Limitation on Liability and Indemnification
TO THE EXTENT PERMITTED BY LAW, YOU UNDERSTAND AND AGREE THAT AMD AND ITS LICENSORS ARE NOT LIABLE TO YOU FOR ANY DAMAGE WHATSEVER, INCLUDING SPECIAL, INDIRECT, OR CONSEQUENTIAL DAMAGES OR DAMAGES ATTRIBUTABLE TO LOSS OF PROFITS, BUSINESS INTERRUPTION, OR CORRUPTION OR LOSS OF INFORMATION, WHETHER IN AN ACTION OF CONTRACT, NEGLIGENCE, OR OTHER TORTIOUS ACTION, ARISING OUT OF OR IN CONNECTION WITH THIS AGREEMENT OR THE USE OR PERFORMANCE OF THE PROGRAM EVEN IF AMD AND ITS LICENSORS HAVE BEEN ADVISED OF THE POSSIBILITY OF SUCH DAMAGES. AMD's total liability to you for any and all damages, losses, and claims (whether in contract, tort (including negligence) or otherwise) in connection with this Agreement will not exceed $100 USD. You agree to defend, indemnify and hold harmless AMD and its licensors, and any of their directors, officers, employees, affiliates or agents from and against any and all loss, damage, liability and other expenses (including reasonable attorneys' fees), resulting from your use of the Program or your violation of the terms and conditions of this Agreement.
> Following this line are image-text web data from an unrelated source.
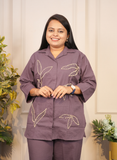 Purple cotton co-ord set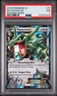 2015 POKEMON XY ROARING SKIES #75 RAYQUAZA EX PSA 7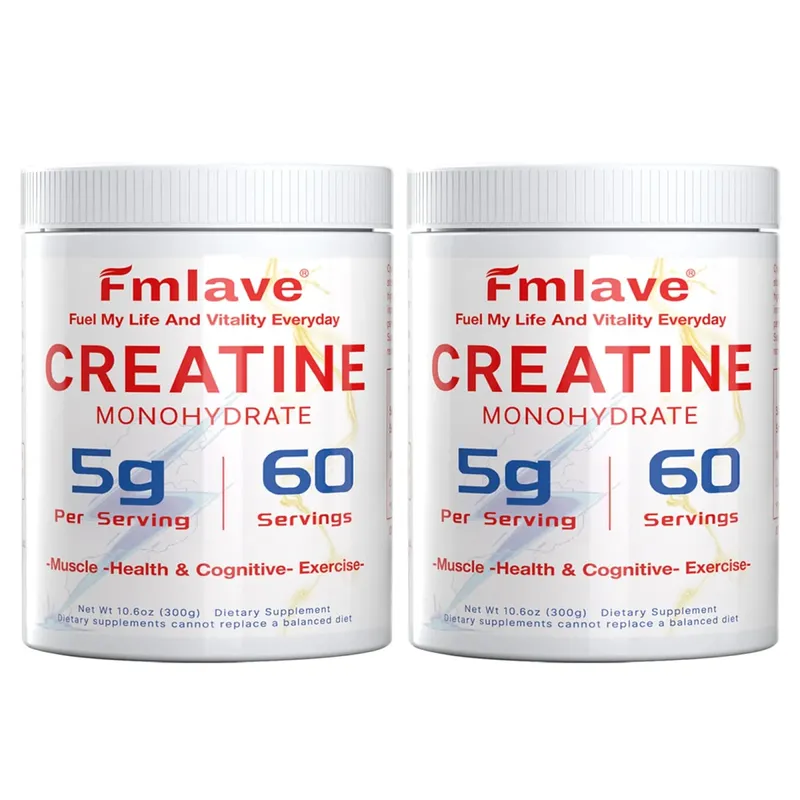 Fmlave Creatine Monohydrate Micronized Powder 300g - 60 Servings 5000mg Per Serving (5g) - for Men & Women Muscle Growth & Recovery — image 3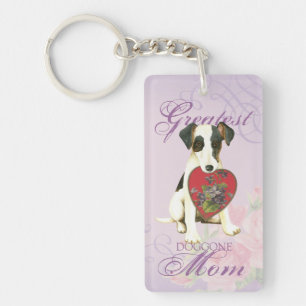 Porte-clés Smooth Fox Terrier Heart Maman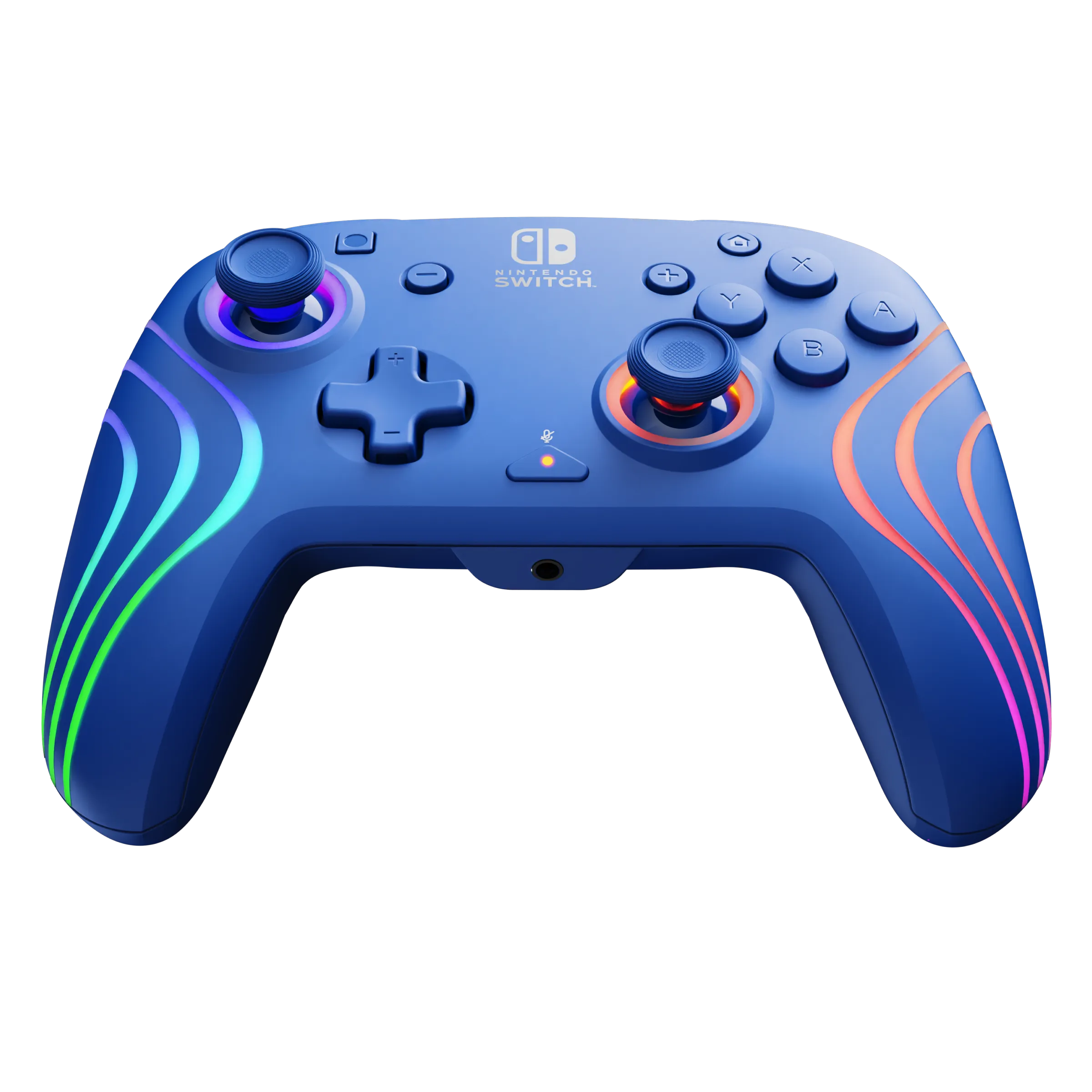 Nintendo Switch Blue Afterglow Wave Wireless Controller With Motion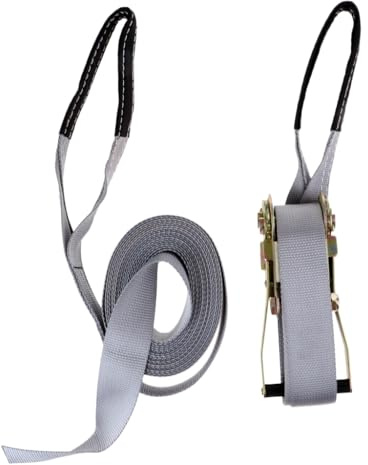 Zambuph Verbessere Deine Rumpfmuskulatur und Konzentration mit Slackline Yoga Trainingsleine und Balanceband Slackline Set. Trickübungen für Picknicks im Garten, Grau, 36 Fuß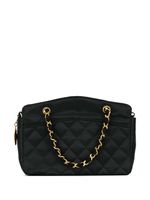 Chanel Pre-Owned 1990s diamond quilted chain tote - Black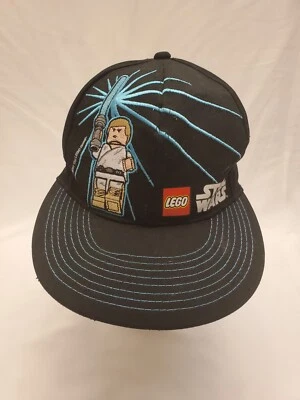 Gorra de béisbol negra Star Wars Lego Skywalker espalda elástica niños talla 4 16 Foto 1 de 4
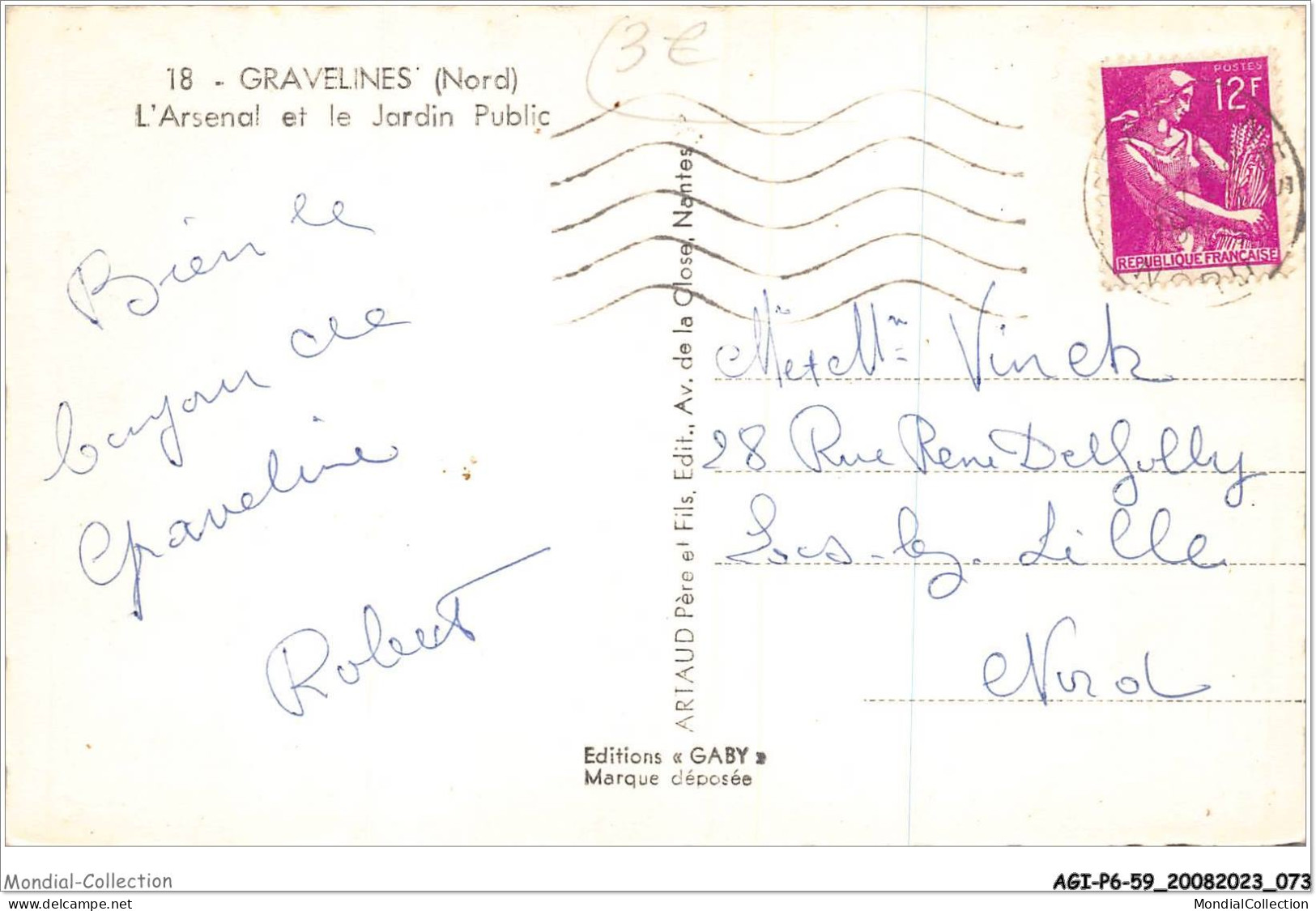 AGIP6-59-0442 - GRAVELINES -  Le Jardin Public Et L'arsenal  - Gravelines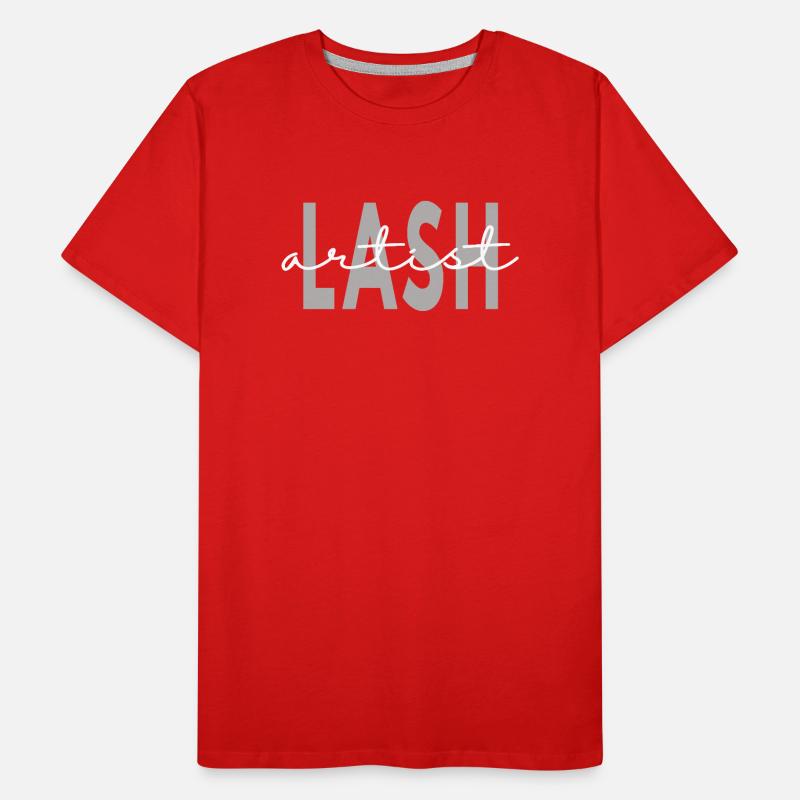 Artiste de cils Technicienne des cils Beauté T-shirt bio Premium Homme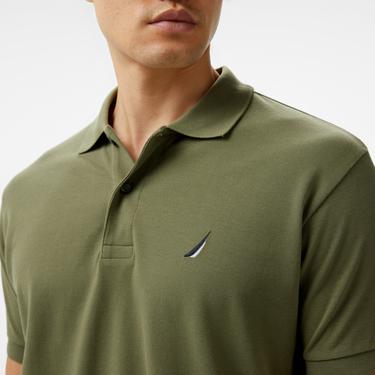  Nautica Erkek Yeşil Classic Fit Kısa Kollu Polo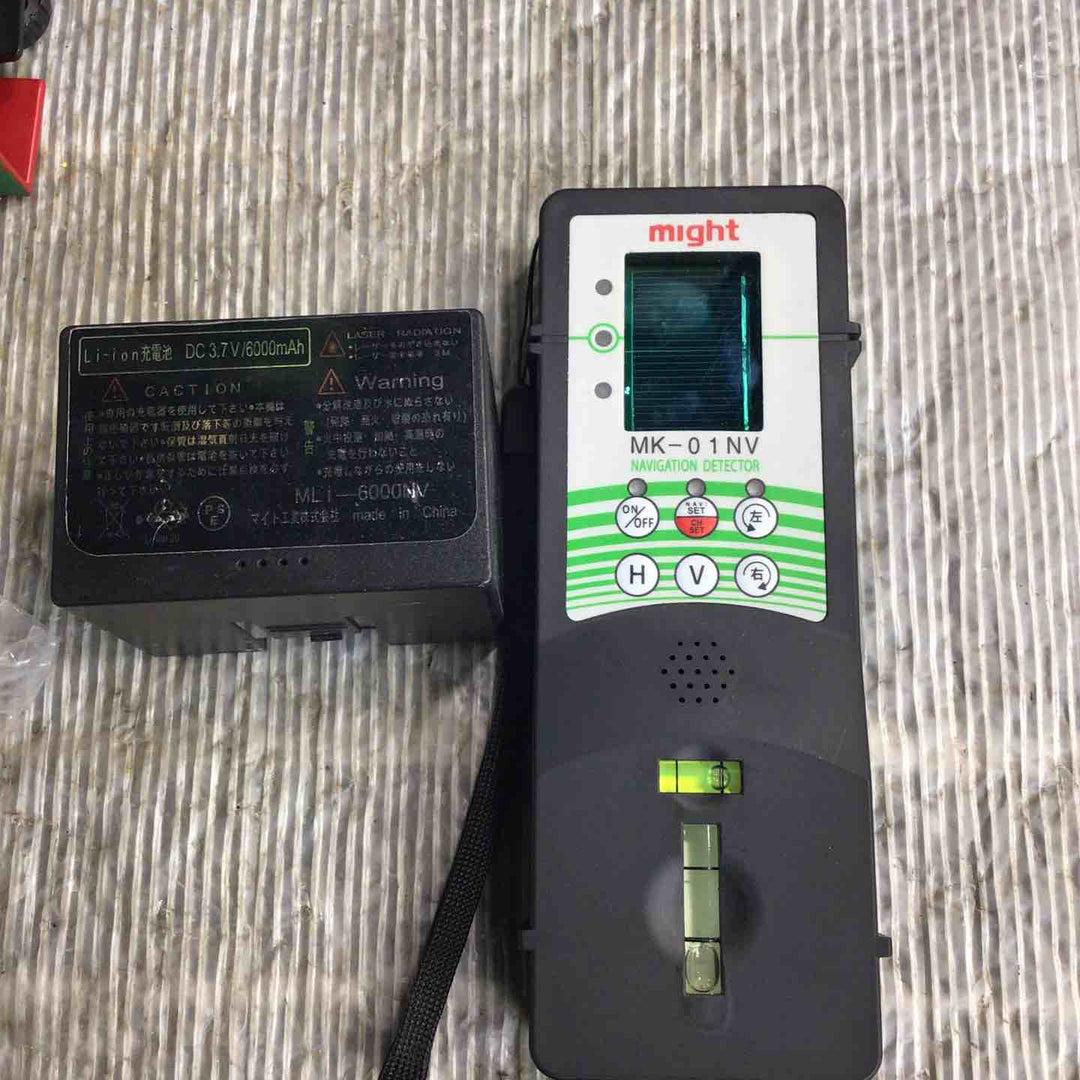 ◇マイト工業(might) 自動追尾 グリーンレーザー墨出し器 MG-NV51【草加店】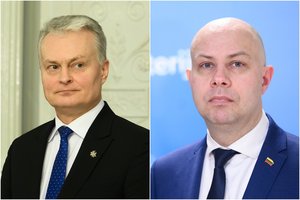 Po įtampų ir abejonių geras G. Nausėdos žodis A. Verygai: jis pasirodė teisus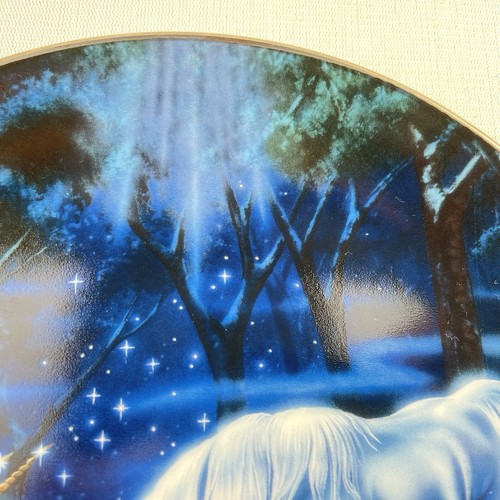 Royal Doulton Magic of the Unicorn Sue Dawe The Franklin Mint Porcelain Plate - Picture 9 of 11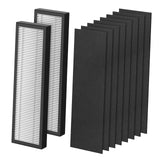 Maxbell HEPA Replacement Purifier Spare Parts Easy Installation Air Purifier Cleaner 2pcs Black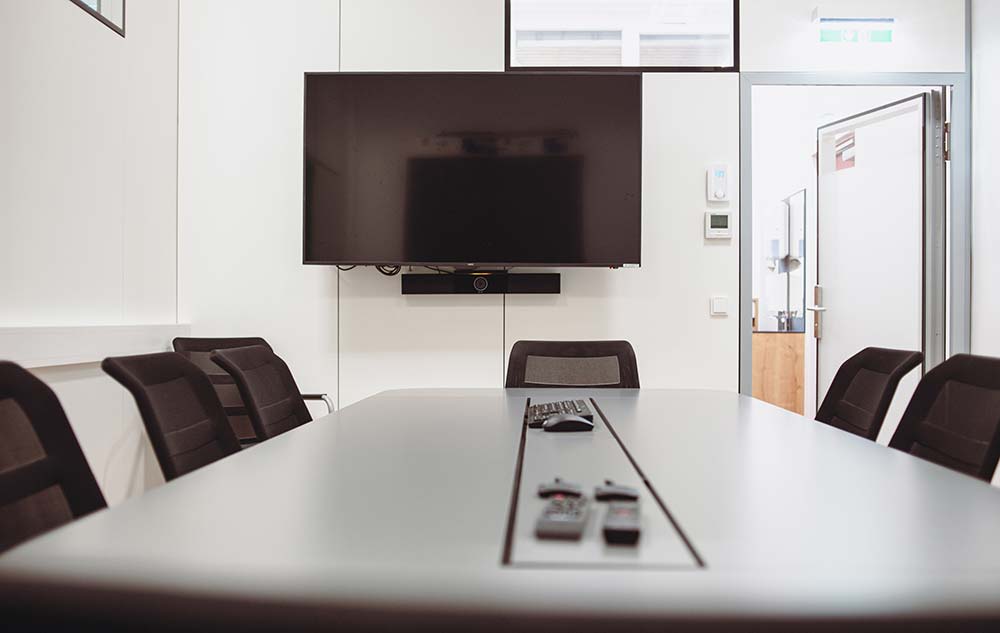 Moderner Besprechungstisch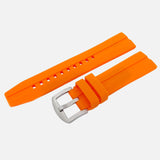 Expedition (North Pole1) - Silicone strap #263 (orange) 43mm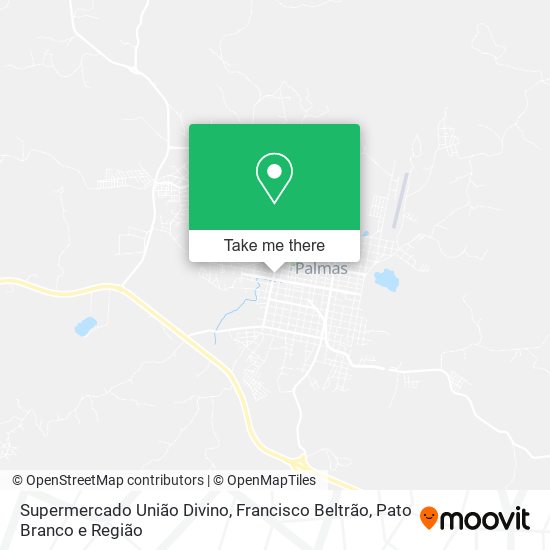 Supermercado União Divino map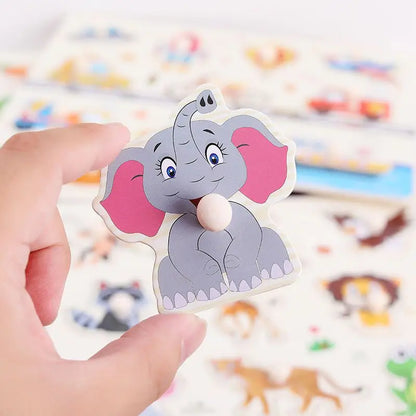 Wooden Puzzles Children Montessori Toys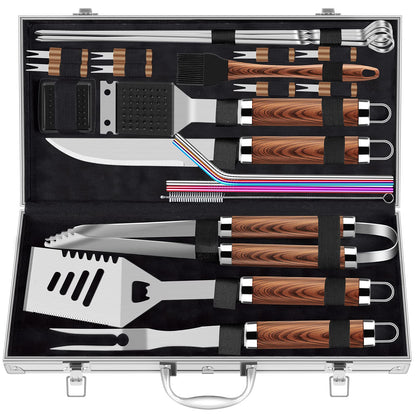 Stainless Steel Grill Tool Set 25pcs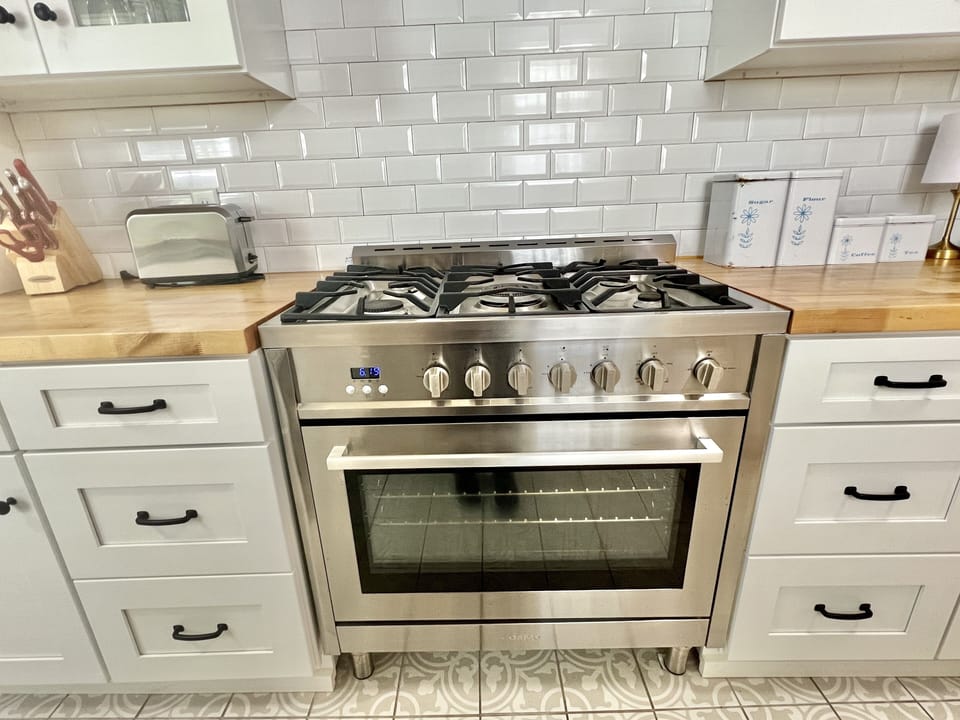 36" gas range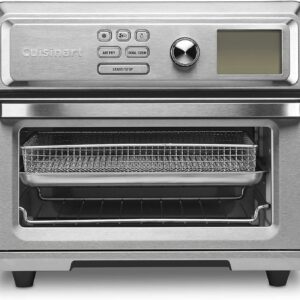 Open Box Cuisinart Air Fryer Toaster Oven 1800 Watt, Stainless Steel TOA-65 - Silver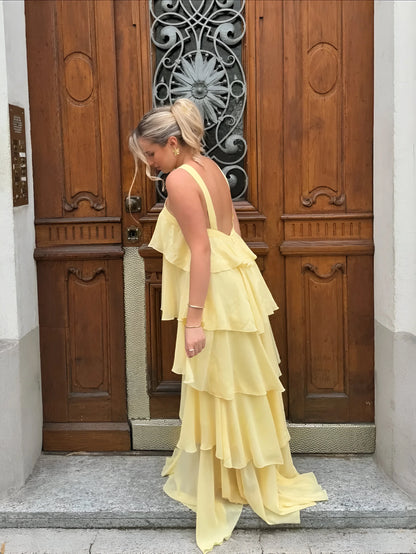 Robe longue à volants Amélie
The parties agree that the limitations specified in this section will apply to the maximum extent permitted under applicable law and will survive and apply even if any limited remedy specified in the Agreement is found to have failed of its essential purpose.
Privacy
AMD may be required under applicable data protection law to provide you with certain information about who we are, how AMD processes any personal data you provide to AMD and for what purposes, and your rights in relation to your personal information and how to exercise them. This information is provided in the AMD privacy notice (https://www.amd.com/en/corporate/privacy). It is important that you read this information.
Termination
In the event of any violation or potential violation of any of these restrictions or any other material breach of this Agreement, AMD may (in addition to any other remedies available) immediately and without notice suspend or terminate your access or use of the Program without any liability to you or any third party. Either party may terminate the Agreement without cause and for its convenience at any time by written notice to the other party. Upon termination, you must immediately cease all use of and access to the Program and delete (or, at AMD’s request, return) any and all copies of any related documentation you may possess. AMD may revoke your access to and use of the Program at any time from and after termination, and AMD or the Platform may remove/delete any and all Customer Content and any other data stored by you on the Platform.
General Provisions
This Agreement sets forth the entire agreement and understanding between the parties with respect to your access and use of the Program and supersedes and merges all prior oral and written agreements, discussions and understandings between us regarding the subject matter of this Agreement. No waiver or modification of any provision of this Agreement will be binding unless made in writing and signed by an authorized representative of each party. You may not assign this Agreement or any of your rights hereunder without the prior written consent of AMD and any assignment without such consent will be null and void. The parties do not intend to create any agency or partnership relationship between them by this Agreement. Each provision of this Agreement will be interpreted in such a manner as to be effective and valid under applicable law. However, if any provision of this Agreement becomes or is declared unenforceable by any court of competent jurisdiction, such provision will be deemed deleted and the remainder of this Agreement will remain in full force and effect. This Agreement is made under and shall be construed according to the laws of the State of Texas, excluding conflicts of law rules. Each party submits to the jurisdiction of the state and federal courts of Travis County and the Western District of Texas for the purposes of this Agreement.